ABOUT THIS EXERCISE:
Give back, exactly and with nothing else, the lines running from the one that contains "Schmetterlinge Sticker Set" to the end of the entries below; do not include pictures.

PROVIDED RECORDS:
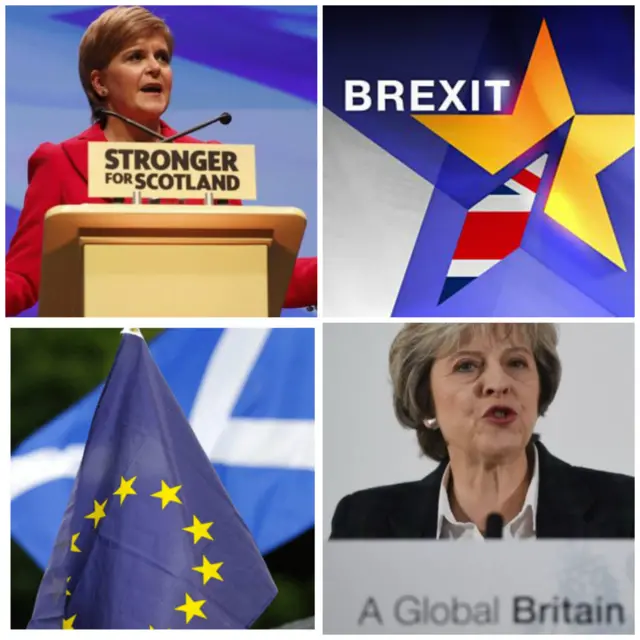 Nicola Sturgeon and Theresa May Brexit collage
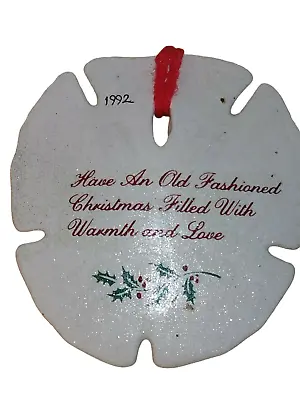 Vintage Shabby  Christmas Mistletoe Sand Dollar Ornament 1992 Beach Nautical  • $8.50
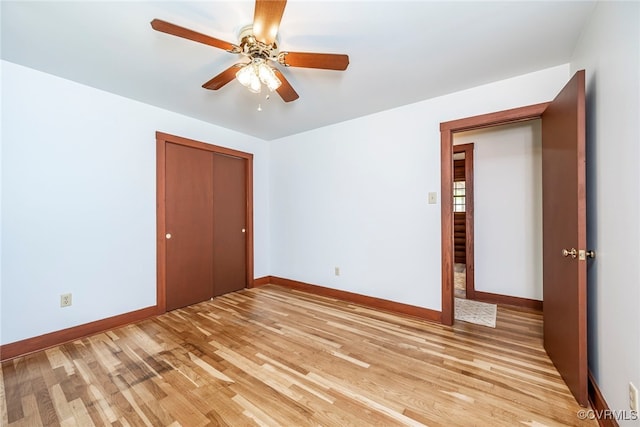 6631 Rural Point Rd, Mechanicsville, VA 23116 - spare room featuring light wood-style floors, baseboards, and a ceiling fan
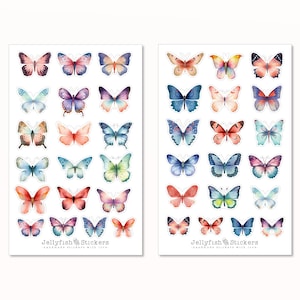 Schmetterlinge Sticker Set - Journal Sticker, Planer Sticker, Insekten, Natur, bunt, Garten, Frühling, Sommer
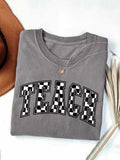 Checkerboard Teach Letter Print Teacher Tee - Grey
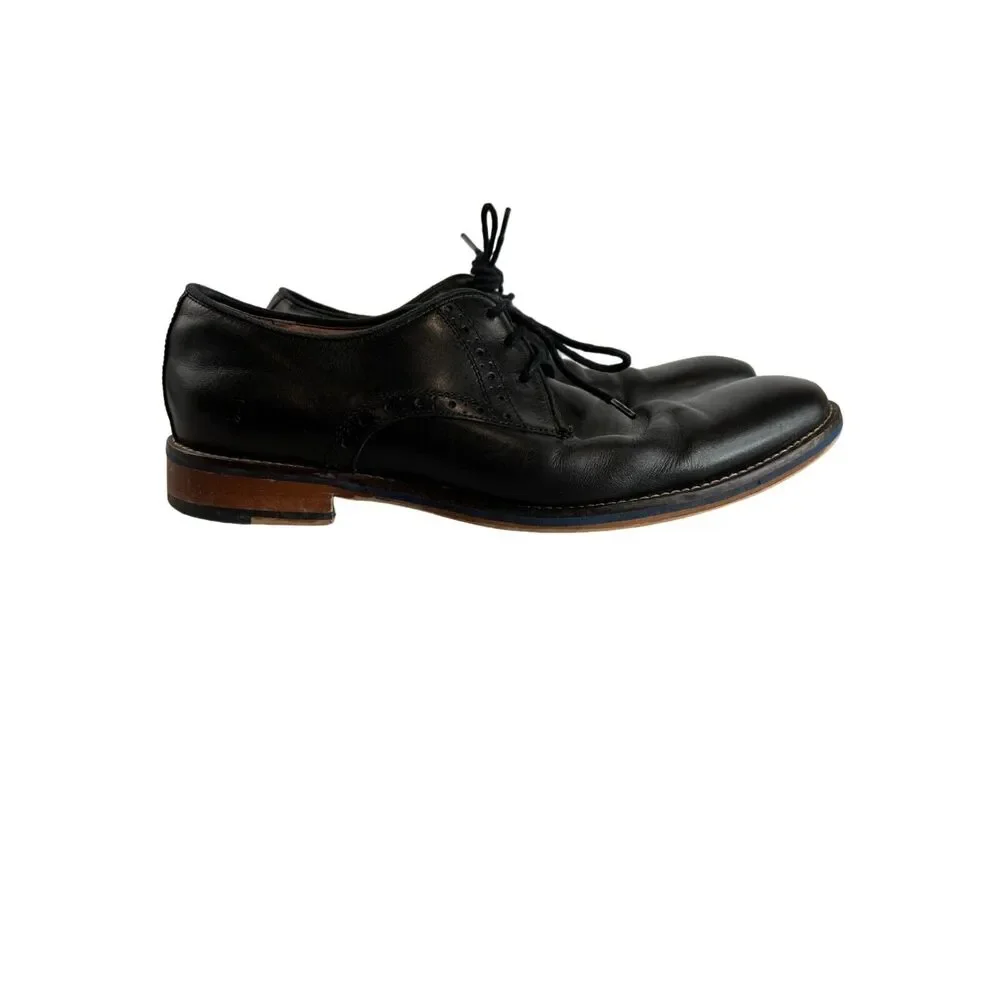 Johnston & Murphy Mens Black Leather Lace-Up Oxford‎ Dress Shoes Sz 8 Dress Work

SOLUTION FOR THIS TASK:
 Schmetterlinge Sticker Set - Journal Sticker, Planer Sticker, Insekten, Natur, bunt, Garten, Frühling, Sommer
 Checkerboard Teach Letter Print Teacher Tee - Grey
 Johnston & Murphy Mens Black Leather Lace-Up Oxford‎ Dress Shoes Sz 8 Dress Work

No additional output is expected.